**ABOUT THIS TASK**
In how many lines of these records does the word "Emilio" appear? Give the number by itself.
★ ★ ★
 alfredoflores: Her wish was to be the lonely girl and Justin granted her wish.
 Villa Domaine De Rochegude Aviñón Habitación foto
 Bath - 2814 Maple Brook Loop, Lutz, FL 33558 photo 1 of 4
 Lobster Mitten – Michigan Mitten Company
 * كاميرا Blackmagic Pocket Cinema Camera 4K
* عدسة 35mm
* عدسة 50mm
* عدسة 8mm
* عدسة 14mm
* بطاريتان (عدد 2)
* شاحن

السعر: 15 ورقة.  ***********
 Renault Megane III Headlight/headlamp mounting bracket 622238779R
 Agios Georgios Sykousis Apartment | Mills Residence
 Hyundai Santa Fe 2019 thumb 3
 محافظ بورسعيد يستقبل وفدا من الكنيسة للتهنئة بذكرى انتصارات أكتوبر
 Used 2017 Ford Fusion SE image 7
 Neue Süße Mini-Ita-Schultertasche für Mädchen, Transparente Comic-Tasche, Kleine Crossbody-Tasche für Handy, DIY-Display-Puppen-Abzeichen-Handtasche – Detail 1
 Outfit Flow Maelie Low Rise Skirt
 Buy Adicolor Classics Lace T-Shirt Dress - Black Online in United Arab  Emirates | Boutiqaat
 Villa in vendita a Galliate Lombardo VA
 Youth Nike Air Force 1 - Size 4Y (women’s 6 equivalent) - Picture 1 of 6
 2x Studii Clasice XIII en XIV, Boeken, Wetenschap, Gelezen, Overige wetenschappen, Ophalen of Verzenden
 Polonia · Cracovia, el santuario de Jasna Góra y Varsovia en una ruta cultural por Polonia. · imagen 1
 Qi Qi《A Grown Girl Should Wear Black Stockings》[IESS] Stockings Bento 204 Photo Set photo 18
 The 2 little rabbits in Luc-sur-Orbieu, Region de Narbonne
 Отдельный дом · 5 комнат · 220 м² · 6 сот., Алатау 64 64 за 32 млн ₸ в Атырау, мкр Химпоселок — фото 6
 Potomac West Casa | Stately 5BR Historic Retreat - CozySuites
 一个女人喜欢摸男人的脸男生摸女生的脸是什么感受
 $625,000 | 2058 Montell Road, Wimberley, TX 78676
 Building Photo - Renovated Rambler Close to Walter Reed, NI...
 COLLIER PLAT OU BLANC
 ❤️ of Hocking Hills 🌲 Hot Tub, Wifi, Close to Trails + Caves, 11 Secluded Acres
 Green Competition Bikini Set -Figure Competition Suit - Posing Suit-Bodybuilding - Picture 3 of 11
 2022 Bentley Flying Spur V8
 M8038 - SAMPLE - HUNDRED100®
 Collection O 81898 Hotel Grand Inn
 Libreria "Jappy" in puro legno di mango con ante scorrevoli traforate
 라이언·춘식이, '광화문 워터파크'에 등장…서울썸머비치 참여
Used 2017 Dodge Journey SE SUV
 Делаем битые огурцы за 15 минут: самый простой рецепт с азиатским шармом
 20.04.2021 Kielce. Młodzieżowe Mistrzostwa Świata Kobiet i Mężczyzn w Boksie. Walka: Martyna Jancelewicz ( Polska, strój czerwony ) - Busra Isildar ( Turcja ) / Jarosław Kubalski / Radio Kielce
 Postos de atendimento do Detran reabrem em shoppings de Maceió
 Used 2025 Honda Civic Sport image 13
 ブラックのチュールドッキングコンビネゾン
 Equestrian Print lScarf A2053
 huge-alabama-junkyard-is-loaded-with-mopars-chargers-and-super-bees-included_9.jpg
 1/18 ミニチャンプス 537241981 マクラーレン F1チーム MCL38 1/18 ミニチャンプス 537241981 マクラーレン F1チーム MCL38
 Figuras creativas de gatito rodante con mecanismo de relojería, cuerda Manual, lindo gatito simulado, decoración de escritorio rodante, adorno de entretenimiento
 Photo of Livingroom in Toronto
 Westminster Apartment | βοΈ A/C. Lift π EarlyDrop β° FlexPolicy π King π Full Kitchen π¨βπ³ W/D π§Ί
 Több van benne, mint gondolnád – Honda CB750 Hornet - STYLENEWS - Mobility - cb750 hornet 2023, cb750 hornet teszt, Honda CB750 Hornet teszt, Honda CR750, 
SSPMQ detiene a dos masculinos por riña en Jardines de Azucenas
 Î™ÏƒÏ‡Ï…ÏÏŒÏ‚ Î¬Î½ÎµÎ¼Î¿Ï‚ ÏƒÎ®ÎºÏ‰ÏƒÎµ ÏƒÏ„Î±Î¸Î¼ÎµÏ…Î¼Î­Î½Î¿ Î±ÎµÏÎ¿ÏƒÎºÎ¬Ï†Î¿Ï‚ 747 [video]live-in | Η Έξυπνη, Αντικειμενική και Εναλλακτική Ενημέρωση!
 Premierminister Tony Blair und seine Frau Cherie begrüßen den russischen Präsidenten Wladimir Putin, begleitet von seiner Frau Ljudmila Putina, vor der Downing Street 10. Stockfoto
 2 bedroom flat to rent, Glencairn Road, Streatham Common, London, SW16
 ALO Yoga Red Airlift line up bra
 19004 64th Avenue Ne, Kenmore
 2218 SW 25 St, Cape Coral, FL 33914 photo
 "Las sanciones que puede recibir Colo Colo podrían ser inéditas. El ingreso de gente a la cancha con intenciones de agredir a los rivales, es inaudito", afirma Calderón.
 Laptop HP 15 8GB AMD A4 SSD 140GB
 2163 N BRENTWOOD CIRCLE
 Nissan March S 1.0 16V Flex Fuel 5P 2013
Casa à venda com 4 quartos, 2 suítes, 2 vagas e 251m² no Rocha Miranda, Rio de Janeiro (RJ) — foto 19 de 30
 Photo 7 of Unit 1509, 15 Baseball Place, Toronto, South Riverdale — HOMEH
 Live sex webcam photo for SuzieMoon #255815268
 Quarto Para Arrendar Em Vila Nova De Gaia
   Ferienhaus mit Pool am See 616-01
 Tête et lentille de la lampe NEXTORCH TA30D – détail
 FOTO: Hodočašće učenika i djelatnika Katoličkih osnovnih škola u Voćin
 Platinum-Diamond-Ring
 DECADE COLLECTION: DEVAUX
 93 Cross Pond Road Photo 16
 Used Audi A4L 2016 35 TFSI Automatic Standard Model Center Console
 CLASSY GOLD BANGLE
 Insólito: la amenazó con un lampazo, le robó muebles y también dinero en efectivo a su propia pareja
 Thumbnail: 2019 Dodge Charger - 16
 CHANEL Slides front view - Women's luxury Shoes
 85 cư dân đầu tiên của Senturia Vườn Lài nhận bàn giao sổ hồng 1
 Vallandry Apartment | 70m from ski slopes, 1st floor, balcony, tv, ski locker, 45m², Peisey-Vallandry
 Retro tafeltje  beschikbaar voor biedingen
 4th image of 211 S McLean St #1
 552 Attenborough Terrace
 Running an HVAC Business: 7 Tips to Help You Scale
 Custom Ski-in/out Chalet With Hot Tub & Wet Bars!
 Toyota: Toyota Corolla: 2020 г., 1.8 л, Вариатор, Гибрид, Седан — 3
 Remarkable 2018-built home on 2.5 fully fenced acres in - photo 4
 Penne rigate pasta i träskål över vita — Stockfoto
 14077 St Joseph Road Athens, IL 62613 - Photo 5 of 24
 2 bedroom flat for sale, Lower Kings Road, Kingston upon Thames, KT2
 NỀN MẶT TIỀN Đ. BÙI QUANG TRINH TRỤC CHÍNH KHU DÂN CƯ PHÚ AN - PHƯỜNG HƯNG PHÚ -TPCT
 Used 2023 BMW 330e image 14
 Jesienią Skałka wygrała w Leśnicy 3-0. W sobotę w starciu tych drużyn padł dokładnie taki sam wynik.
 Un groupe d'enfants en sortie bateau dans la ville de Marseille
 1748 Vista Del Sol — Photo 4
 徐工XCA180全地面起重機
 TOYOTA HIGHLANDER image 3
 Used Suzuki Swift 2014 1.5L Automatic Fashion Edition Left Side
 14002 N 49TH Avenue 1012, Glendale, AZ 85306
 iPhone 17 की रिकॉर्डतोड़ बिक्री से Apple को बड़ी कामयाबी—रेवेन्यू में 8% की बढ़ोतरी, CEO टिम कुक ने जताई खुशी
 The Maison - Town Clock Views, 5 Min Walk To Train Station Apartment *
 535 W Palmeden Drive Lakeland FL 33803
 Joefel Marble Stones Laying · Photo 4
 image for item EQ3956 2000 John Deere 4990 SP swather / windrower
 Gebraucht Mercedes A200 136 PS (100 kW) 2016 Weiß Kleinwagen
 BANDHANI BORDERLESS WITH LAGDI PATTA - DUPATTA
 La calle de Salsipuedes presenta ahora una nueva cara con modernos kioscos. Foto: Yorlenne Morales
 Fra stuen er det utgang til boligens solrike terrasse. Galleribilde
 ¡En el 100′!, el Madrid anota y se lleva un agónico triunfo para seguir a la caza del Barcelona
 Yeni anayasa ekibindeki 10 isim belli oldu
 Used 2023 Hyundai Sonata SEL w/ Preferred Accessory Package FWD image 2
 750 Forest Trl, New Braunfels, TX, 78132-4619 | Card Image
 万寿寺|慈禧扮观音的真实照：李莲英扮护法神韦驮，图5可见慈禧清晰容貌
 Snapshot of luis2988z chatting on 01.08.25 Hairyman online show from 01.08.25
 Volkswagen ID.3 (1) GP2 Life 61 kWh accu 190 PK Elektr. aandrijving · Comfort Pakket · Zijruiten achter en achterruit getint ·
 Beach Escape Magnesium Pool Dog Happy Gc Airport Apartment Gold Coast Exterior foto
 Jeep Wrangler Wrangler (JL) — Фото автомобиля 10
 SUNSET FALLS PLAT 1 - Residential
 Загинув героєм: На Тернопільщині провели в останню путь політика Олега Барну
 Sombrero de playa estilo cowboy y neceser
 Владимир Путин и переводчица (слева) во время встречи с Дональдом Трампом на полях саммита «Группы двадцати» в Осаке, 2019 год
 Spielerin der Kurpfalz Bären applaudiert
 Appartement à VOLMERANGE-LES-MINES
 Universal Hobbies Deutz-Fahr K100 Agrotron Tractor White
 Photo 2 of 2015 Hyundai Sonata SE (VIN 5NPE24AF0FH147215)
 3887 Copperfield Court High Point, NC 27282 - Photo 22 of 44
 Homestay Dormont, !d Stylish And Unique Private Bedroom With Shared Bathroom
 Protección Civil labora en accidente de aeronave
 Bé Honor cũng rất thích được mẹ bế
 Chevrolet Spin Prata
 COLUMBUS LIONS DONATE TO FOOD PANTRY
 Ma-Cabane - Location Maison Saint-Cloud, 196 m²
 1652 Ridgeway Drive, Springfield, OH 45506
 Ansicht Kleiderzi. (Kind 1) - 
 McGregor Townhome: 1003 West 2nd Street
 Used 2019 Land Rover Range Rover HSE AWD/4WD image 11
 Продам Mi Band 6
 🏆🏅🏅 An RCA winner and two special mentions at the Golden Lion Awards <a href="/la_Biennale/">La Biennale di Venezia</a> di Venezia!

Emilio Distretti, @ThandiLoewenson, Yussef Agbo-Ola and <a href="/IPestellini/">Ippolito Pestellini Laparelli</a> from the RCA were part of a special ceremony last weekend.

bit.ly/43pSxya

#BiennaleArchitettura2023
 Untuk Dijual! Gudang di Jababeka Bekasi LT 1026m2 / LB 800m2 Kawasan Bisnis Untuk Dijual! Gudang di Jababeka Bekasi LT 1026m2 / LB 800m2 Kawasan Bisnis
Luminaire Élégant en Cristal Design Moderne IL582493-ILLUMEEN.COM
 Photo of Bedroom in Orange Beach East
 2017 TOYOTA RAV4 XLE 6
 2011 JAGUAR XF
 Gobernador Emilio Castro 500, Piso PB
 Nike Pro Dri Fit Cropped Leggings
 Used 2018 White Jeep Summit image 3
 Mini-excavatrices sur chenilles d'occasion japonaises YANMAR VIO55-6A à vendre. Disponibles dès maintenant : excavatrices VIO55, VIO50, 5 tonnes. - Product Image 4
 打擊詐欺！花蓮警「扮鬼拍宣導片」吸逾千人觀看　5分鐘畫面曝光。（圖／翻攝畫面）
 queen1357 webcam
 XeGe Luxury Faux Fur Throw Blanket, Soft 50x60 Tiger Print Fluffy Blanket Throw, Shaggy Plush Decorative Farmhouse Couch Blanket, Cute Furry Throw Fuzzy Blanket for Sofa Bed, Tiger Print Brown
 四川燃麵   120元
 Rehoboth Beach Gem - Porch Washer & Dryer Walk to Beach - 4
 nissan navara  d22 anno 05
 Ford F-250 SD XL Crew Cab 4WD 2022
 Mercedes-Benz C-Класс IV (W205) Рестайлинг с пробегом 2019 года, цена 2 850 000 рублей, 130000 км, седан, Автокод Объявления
★ ★ ★
**SOLUTION TO THE PROBLEM**
2